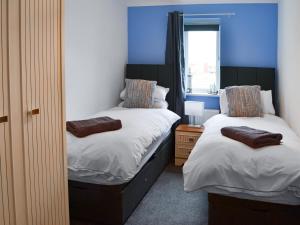 two beds in a room with blue walls at The Bandstand Sea View in Blythe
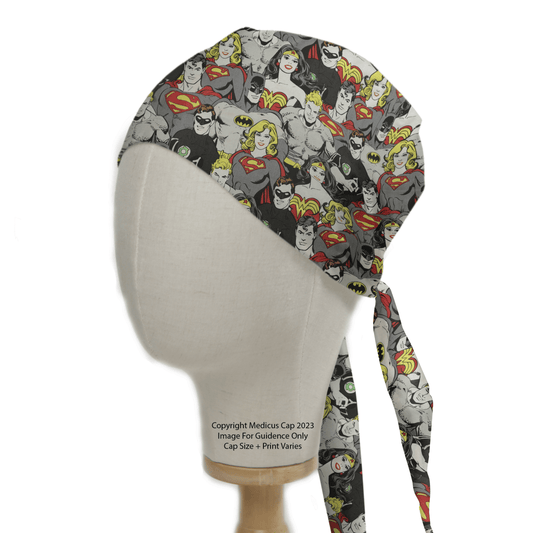 A mannequin wears the Medicus Scrub Caps DC Superheroes Monochrome scrub cap, featuring Superman and Superwoman in red, yellow, and gray. Ties at the back.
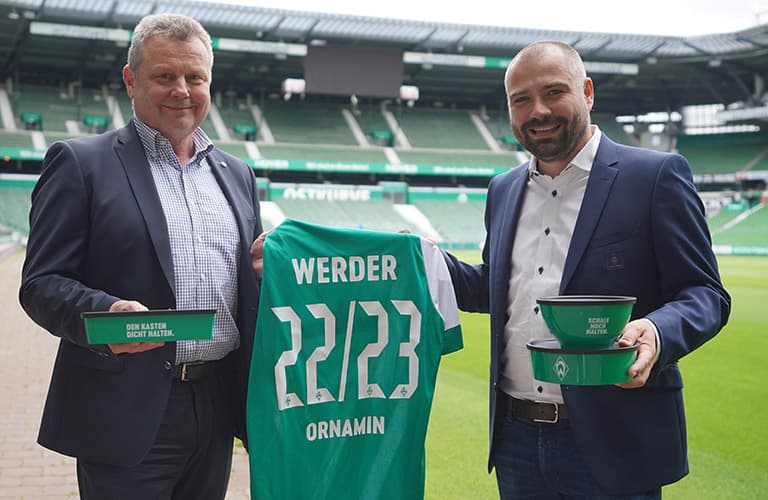 ORNAMIN-Blog-Ornamin ist Supplier des SV Werder Bremen Zwei Männer halten ein Werder Bremen Trikot und Werder Bremen Mehrwegdosen zum Mitnehmen von Essen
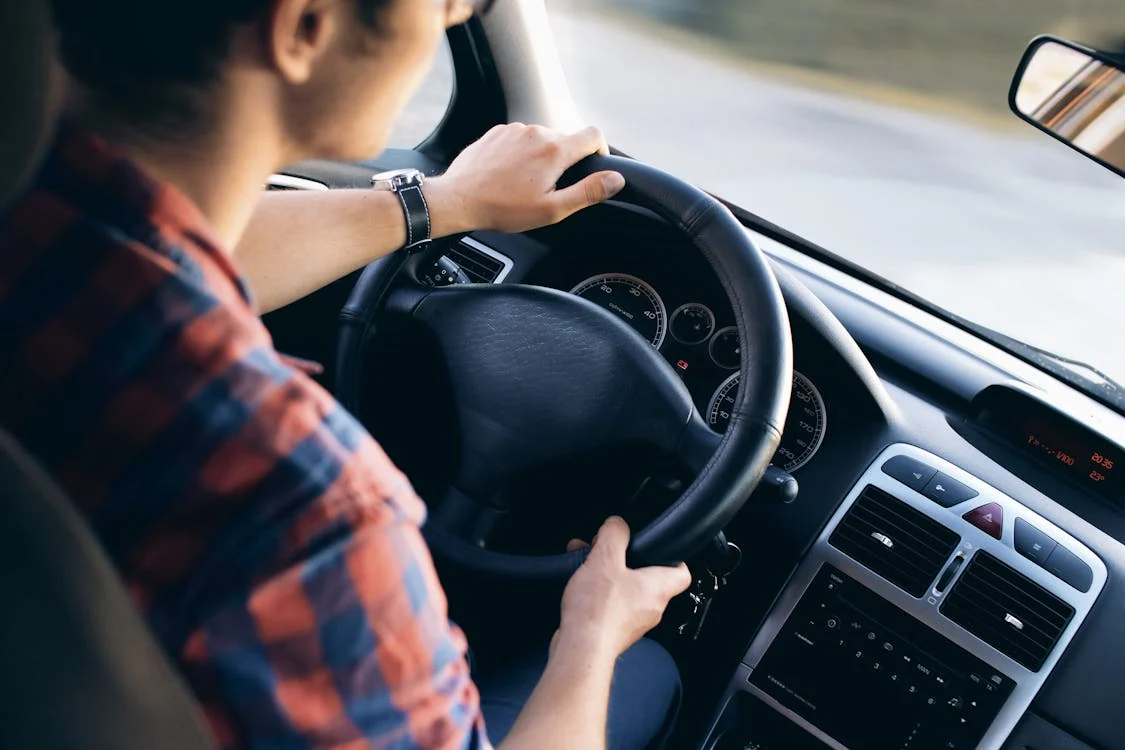 a man driving a car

+-------+

### [ASSIGNED TASK]
Nothing but the lines from the line with "ORNAMIN-Blog-Ornamin ist Supplier" through the last line of the data above should be printed, exactly as written and without pictures.

### [ANSWER BOX]
 ORNAMIN-Blog-Ornamin ist Supplier des SV Werder Bremen Zwei Männer halten ein Werder Bremen Trikot und Werder Bremen Mehrwegdosen zum Mitnehmen von Essen
 a man driving a car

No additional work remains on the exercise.